## Aim of the exercise
Go to the line below that has "Snapshot of Fresita_Rosita", print it and each line after it exactly, and stop after the line that has "Bunkd Hostel, Anjuna Bagian luar foto"; leave out pictures.

## Stored data
Content starts

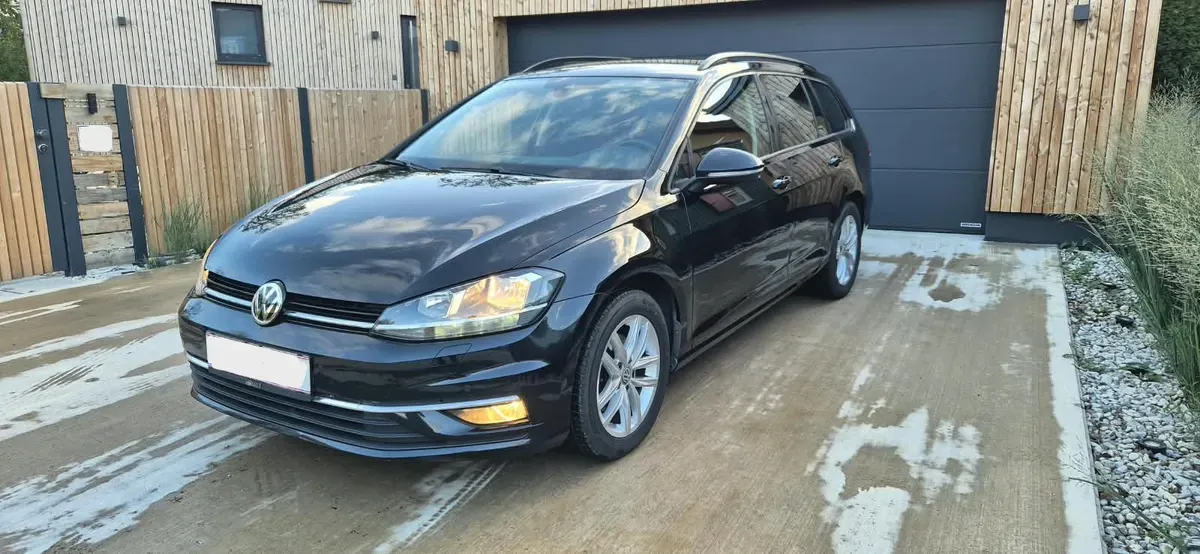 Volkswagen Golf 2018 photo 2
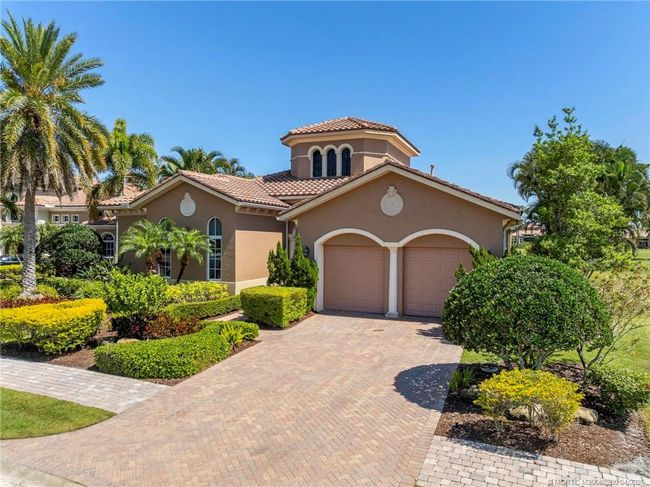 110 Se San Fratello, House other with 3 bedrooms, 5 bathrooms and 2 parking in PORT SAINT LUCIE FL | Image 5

Content ends
Content starts

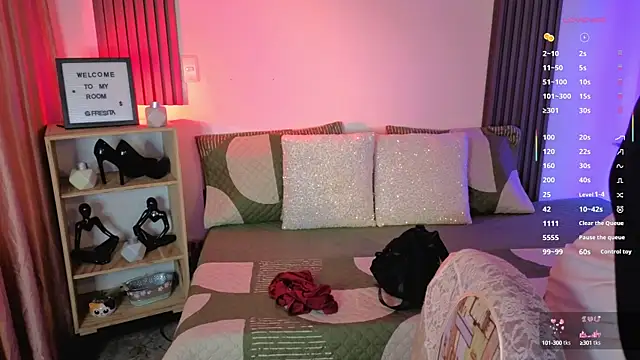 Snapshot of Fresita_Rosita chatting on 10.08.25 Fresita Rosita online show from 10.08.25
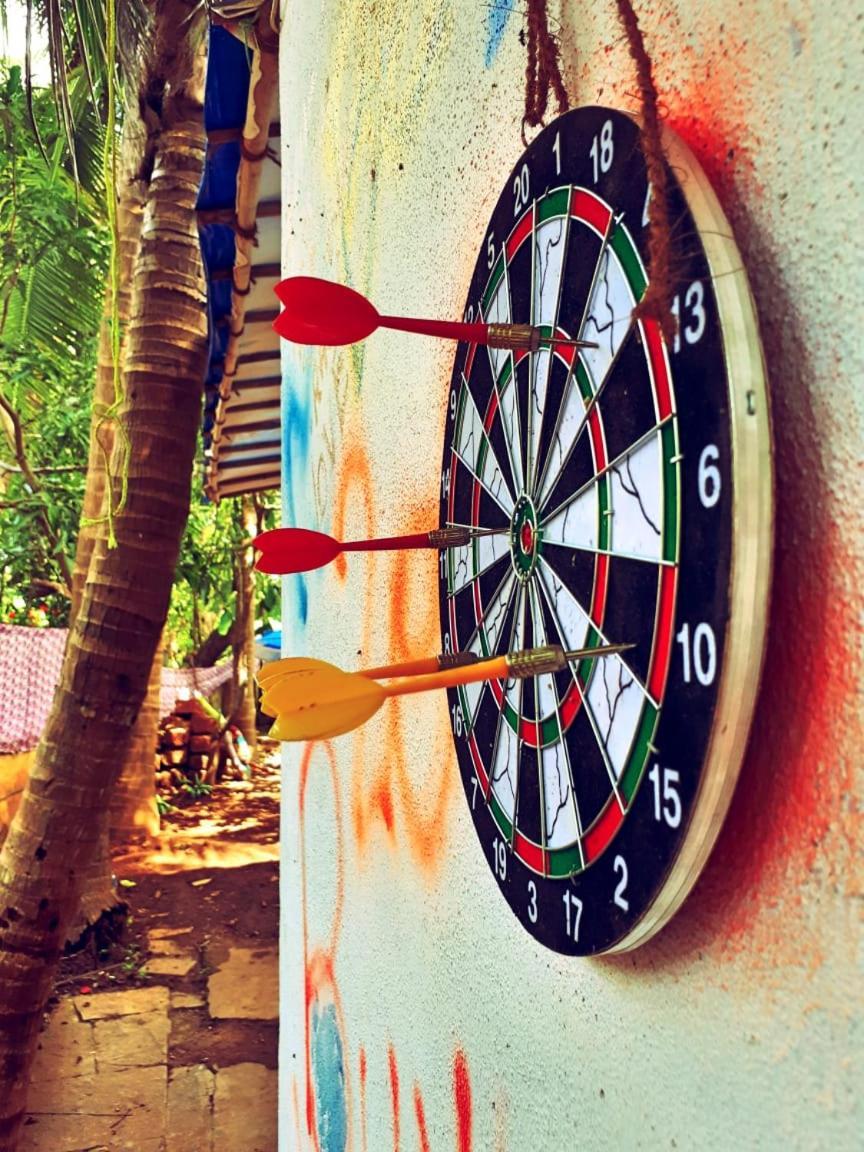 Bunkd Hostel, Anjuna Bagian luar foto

Content ends

## Response area
 Snapshot of Fresita_Rosita chatting on 10.08.25 Fresita Rosita online show from 10.08.25
 Bunkd Hostel, Anjuna Bagian luar foto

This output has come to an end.